IRON DEFICIENCY ANAEMIA

DEFINITION:

Iron deficiency anemia is caused due to deficiency of iron in the body. 20% of world’s population is suffering from iron deficiency anemia.

PATHOGENESIS:

It develops when supply of iron is insufficient for requirement of hemoglobin synthesis. Three major factors in pathogenesis of iron deficiency anemia are:

1. Increased Physiologic Demand - i.e. growing children, pregnancy, lactation and menstruating females.

2. Pathological Blood Loss - i.e. hemorrhage from GIT and urinary tract.

3. Inadequate Intake - i.e. nutritional deficiency or impaired malabsorption.

ETIOLOGY:

I. Due to increased blood loss

Uterine - e.g. excessive menstruation in reproductive years, repeated miscarriages, at onset of menarche, postmenopausal uterine bleeding

Gastrointestinal - e.g. peptic ulcer, hemorrhoids, hookworm infestation, cancer of stomach and large bowel, esophageal varices, hiatus hernia, chronic aspirin ingestion, ulcerative colitis, diverticulosis

• Renal tract - e.g. hematuria, hemoglobinuria

• Nose - e.g. repeated epistaxis

Lungs - e.g. hemoptysis

II. Due to increased requirements

• Spurts of growth in infancy, childhood and adolescence

• Prematurity

• Pregnancy and lactation

III. Due to inadequate dietary intake

• Poor economic status

• Anorexia, e.g. in pregnancy

• Elderly individuals due to poor dentition, apathy and financial constraints

IV. Due to decreased absorption

• Partial or total gastrectomy

• Achlorhydria

• Intestinal malabsorption such as in coeliac disease.

CLINICAL FEATURES:

1. Anemia: Lassitude, weakness, fatigue, dyspnea, palpitations, angina, congestive cardiac failure and pallor.

2. Epithelial tissue changes

Nails: Thin, lustureless, brittle, show ridging and flattening; presence of koilonychias.

Tongue: Atrophy of papillae, shiny or glazed tongue, glossitis and angular stomatitis.

• Plummer-Vinson syndrome: It is characterized by chronic iron deficiency, dysphagia and glossitis.

3. Pica: It is defined as craving to eat substances like dirt, clay, salt, hair and is a typical manifestation of iron deficiency.

4. Recurrent infections: Iron deficiency leads to defective lymphocyte mediated immunity and impaired bacterial killing by phagocytes leading to impaired immunity and recurrent infections.

LABORATORY DIAGNOSIS:

I. General blood parametres

• Hemoglobin is decreased

• RBC count is decreased

• RBC indices, i.e.

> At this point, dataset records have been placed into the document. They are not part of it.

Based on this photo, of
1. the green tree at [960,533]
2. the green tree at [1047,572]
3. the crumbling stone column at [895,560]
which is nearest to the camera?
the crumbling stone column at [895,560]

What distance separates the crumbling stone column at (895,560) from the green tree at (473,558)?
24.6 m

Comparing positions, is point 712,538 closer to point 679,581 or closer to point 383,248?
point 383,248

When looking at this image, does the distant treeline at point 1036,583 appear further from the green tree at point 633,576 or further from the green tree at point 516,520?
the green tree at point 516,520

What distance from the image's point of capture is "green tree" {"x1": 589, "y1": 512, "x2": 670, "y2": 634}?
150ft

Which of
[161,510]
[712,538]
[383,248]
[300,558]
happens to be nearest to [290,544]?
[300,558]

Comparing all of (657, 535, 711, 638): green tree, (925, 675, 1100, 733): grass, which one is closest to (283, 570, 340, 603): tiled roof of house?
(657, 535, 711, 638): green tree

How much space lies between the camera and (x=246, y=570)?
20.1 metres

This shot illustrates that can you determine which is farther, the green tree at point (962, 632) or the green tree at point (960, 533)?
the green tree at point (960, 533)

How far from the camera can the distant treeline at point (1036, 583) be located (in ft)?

MCV, MCH and MCHC are reduced or low

II. Peripheral blood smear

  It shows following features, i.e.

Microcytic hypochromic cells, i.e. red cells are smaller than normal and have increased central pallor.

Anisocytosis or variation in size of cell. This is indicated by increased red cell distribution width and is more marked in iron deficiency anemia.

Poikilocytosis or variation in shape of cell, i.e. presence of tailed variety of RBC, elliptical form is common.

• In severe anemia there is presence of normoblasts, elliptocytes, pencil-shaped cells and target cells.

• There is presence of normal, increased or decreased platelet count and unremarkable WBCs.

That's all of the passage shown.